Tuesday, January 5, 2016

Not Fully Living

Can I just be really honest? I've been hitting the snooze button on my life for a long time now. My whole life, in fact. I turn 30 next this year, and I've realized I have spent all 30 years living for someone else. When I was a child, let's just say I didn't really have the best life. But when holidays and gatherings would roll around, I'd come out in a fresh outfit, hair clean and shiny, ready for a performance. It wasn't a performance I wanted to do, and I wasn't wearing what I wanted to wear, but I'd get up in front of relatives and recite this poem flawlessly, complete with hand gestures and facial expressions. I was maybe 3 or 4.

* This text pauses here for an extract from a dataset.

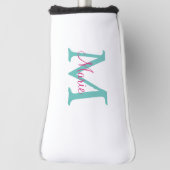 Minimum add name monogram green pink blue golf headcover (Rotieren 90)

My mother's reputation and happiness rested entirely on my shoulders, and I had only one job to do with her: "baby girl, make me look good!" But at home, I was nothing like the spunky, silly little girl that everyone else saw in public. My home life was nothing like that, and I really do wish the worst parts were just about performance pressure. But I did learn is that I better be pleasin' to people before I walked out the door. So I did. I was fun and bubbly and giggly, and I played that part quite well.



You've heard of the "resting bitch face?" Well, I have "resting smiling face." When I don't smile, it's unnerving to people who know me. I can just be tired, but to them it must be the end of the world. When people find out that I struggle with PTSD and depression, they always look at me {aghast} and say: "but you always look so happy!" Fooled ya, didn't I? Because most days I can barely keep my head above water.



I left home at 17, went to college at 18, and had a child at 19. I never really learned how to fully live or even what my own interests/talents are. I'm just going to recap my 20's for those of you in a similar position:


  • I lost weight, and gained a ton.
  • I grieved my childhood, and gave my son one.
  • I made the best friends of my life, and I never felt so alone.
  • I was hurting, and I was healing.
  • I didn't discover my dreams, and I helped my wonderful husband chase his.
  • I loved, and I lost.
  • I grew, but I shrank back.
  • I stepped out of my comfort zone, panicked, and crawled right back under the covers with Netflix.
  • I experienced brokenness and beauty. 
  • I held grudges and I forgave.
  • I was stagnant and I made great progress.



I'm ready for a comeback in my 30's. I'm not sure which direction they'll take or what my goals will be, but I now know that I'm worth something. I'm worth what my dreams and goals are about. But most importantly: I learned to empower myself, and to trust God with how it all turns out. My past is part of my story, but it doesn't define who I am. Same goes for you.